Local Bodies are characterized by weak administrative capacity, a limited financial and human resource base and little participation”. While citizen involvement in day-to-day local govt thwarts attempted poll rigging, more importantly meaningful participation of citizens in communities immediately identifies strangers, unearths “terrorist safe houses” and/or prevents unusual activity. With Bills for Local Govt in the offing, will the “democrats” elected to the Provincial Assemblies permit democracy at the local level they themselves enjoy at the higher plane? In a democratic farce the Sindh Chief Minister (CM) has powers to suspend the Local Bodies (LBs) for three months at his own sweet will! Should the laws framed for the LBs be made applicable also to the Assemblies? Will the CM accept his Provincial Govt be similarly suspended by the Federal Govt? Notwithstanding the rosy contention of the Sindh Advocate General, many Constitutional aberrations in Sindh LG Bill 2013 need rectification.

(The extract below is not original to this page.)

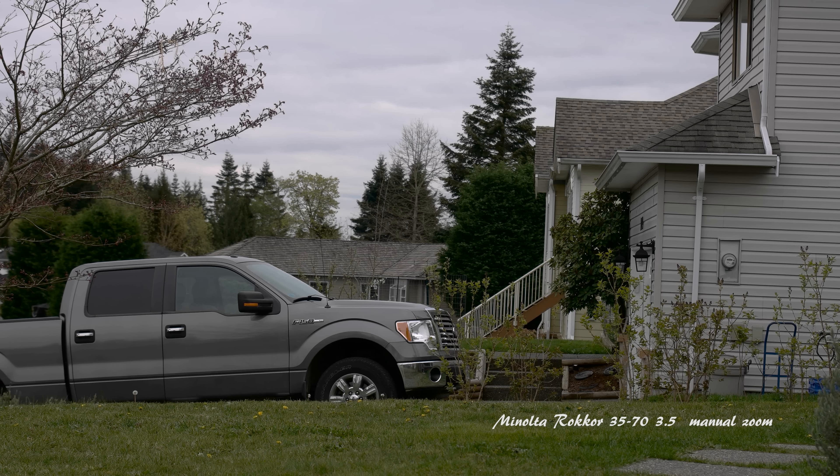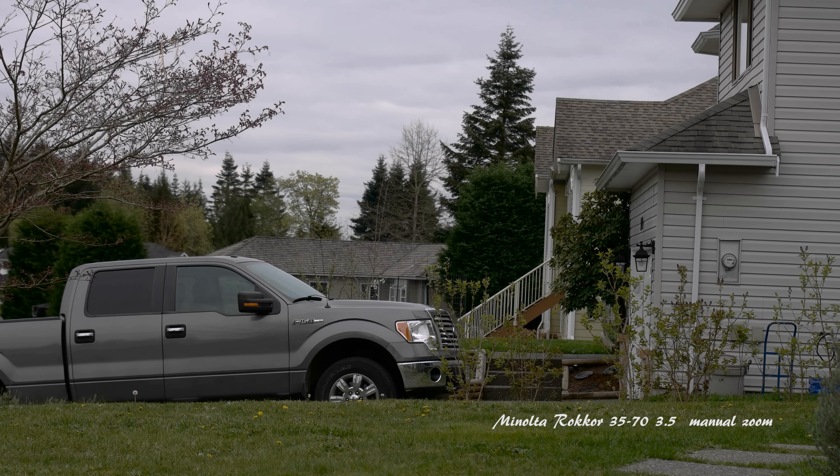Exposure or frame readouts: 30, 31, 32, 33, 34, 36, 37, 38, 39, 40, 41, 42, 43.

Imran Khan claims a genuine devolution of govt in KPK will happen, he says, “if the present PTI-led coalition in KPK flops, PTI flops.” This may well come true. Notwithstanding the outstanding “whistleblower” protection in the Right of Information (RTA) Act and the proposed Ehtesab Commission, the Khattak Govt is showing signs of becoming dysfunctional. Despite the mixed KPK performance in the first 90 days, Imran Khan’s charisma will probably carry the Aug 22 By-polls in KPK and give MQM a fright, if not a fight, in Karachi. Charisma can go only so far in ensuring good governance. Imran must prove he means what he says, making effective changes in governance in KPK and introducing a local self-governing model other Provinces will find difficult to ignore.

Effective laws for local self-governance must (1) ensure constitutional provisions and ordinances to enable local govt to function in an autonomous manner (2) ensure institutional efficiency (3) annunciate the responsibilities and authority of the local govt institutions with the organization and structure clearly defined to discharge these properly and (4) by stopping bureaucratic and political interference in their functioning eliminate outside pressures in making decisions.

Democracy’s stakeholders must genuinely exercise their rights and executive authority at the grassroots level, not act out the facade of lip-service local self-governance.

Ikram Sehgal
The writer is a defence and security analyst, he is Co-Chairman Pathfinder Group, Patron-in-Chief Karachi Council on Foreign Relations (KCFR) and the Vice Chairman Board of Management Quaid-e-Azam House Museum (Institute of Nation Building).